• [WHAT THE TASK ASKS]
When the line containing "GA Case Compendium: Multimodal" is found in the data below, give it again along with every later line, exactly; drop the pictures.

-- STORED DATA follows --

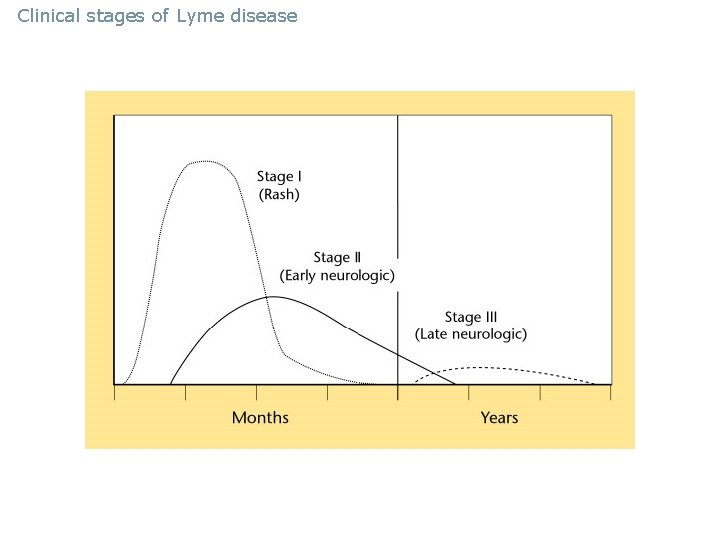 Clinical stages of Lyme disease 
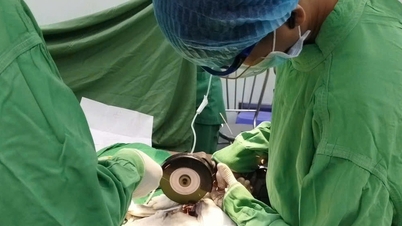 Un homme a failli subir une amputation du pénis après que celui-ci ait été comprimé par deux écrous métalliques.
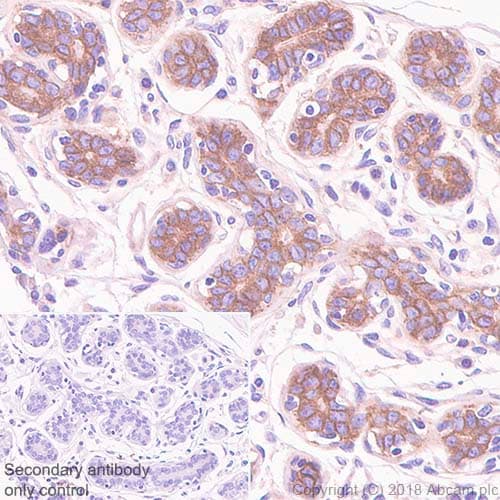 Cd276 Antibody Sp206 Ab227670  Immunohistochemistry Formalin Pfa Fixed Paraffin Embedded Sections Img130329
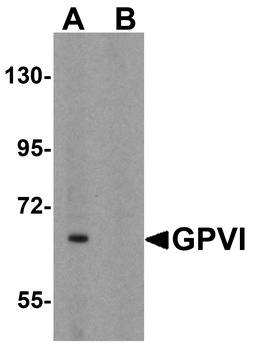 GP6 Antibody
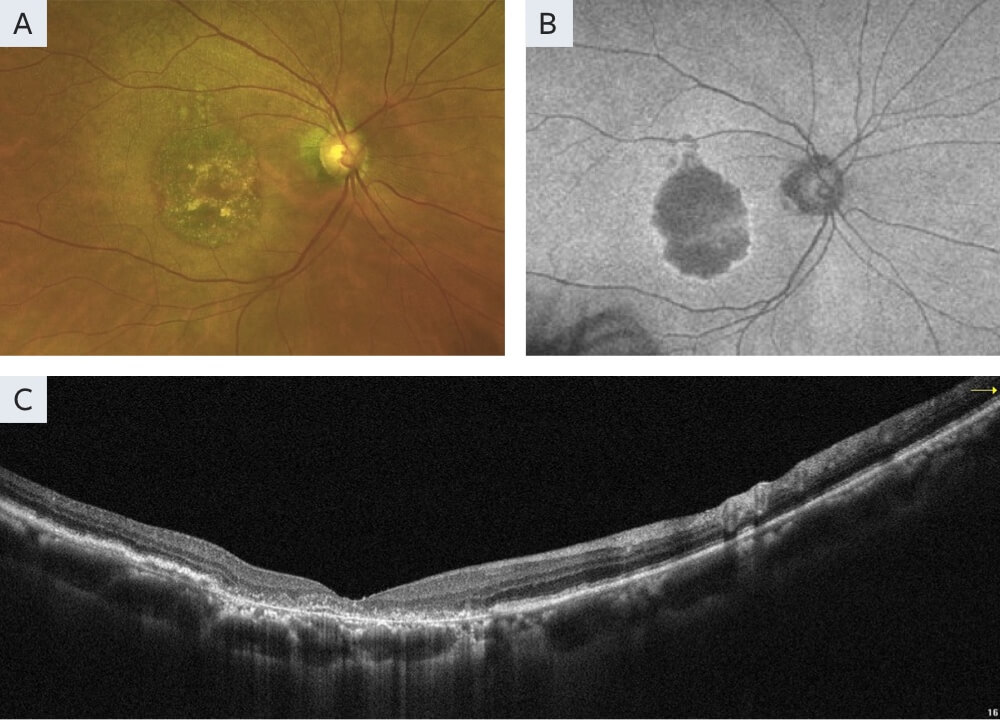 GA Case Compendium: Multimodal Imaging for Following Geographic Atrophy ...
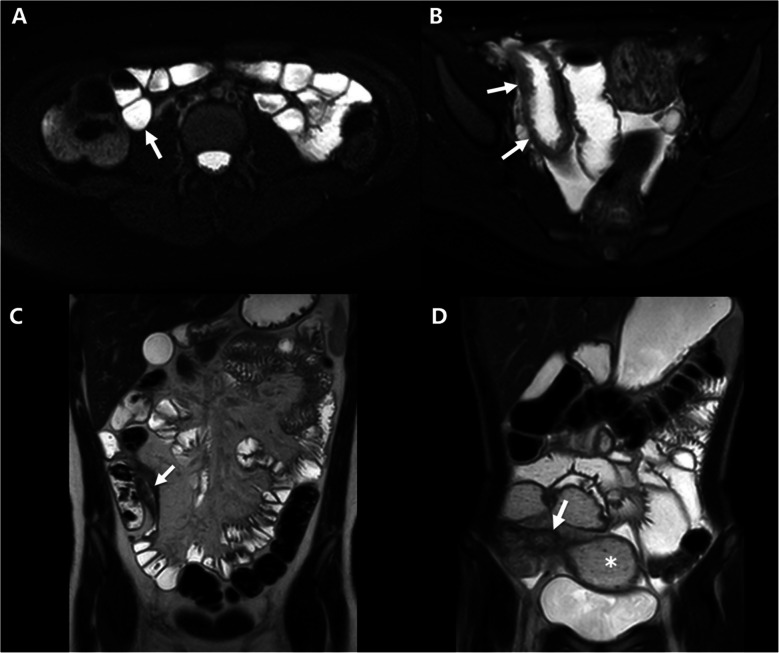 Baseline terminal ileal CT and MRI measurements are associated with imaging outcomes in pediatric Crohn's disease: a cohort study.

-- STORED DATA concluded --

• [RESPONSE]
 GA Case Compendium: Multimodal Imaging for Following Geographic Atrophy ...
 Baseline terminal ileal CT and MRI measurements are associated with imaging outcomes in pediatric Crohn's disease: a cohort study.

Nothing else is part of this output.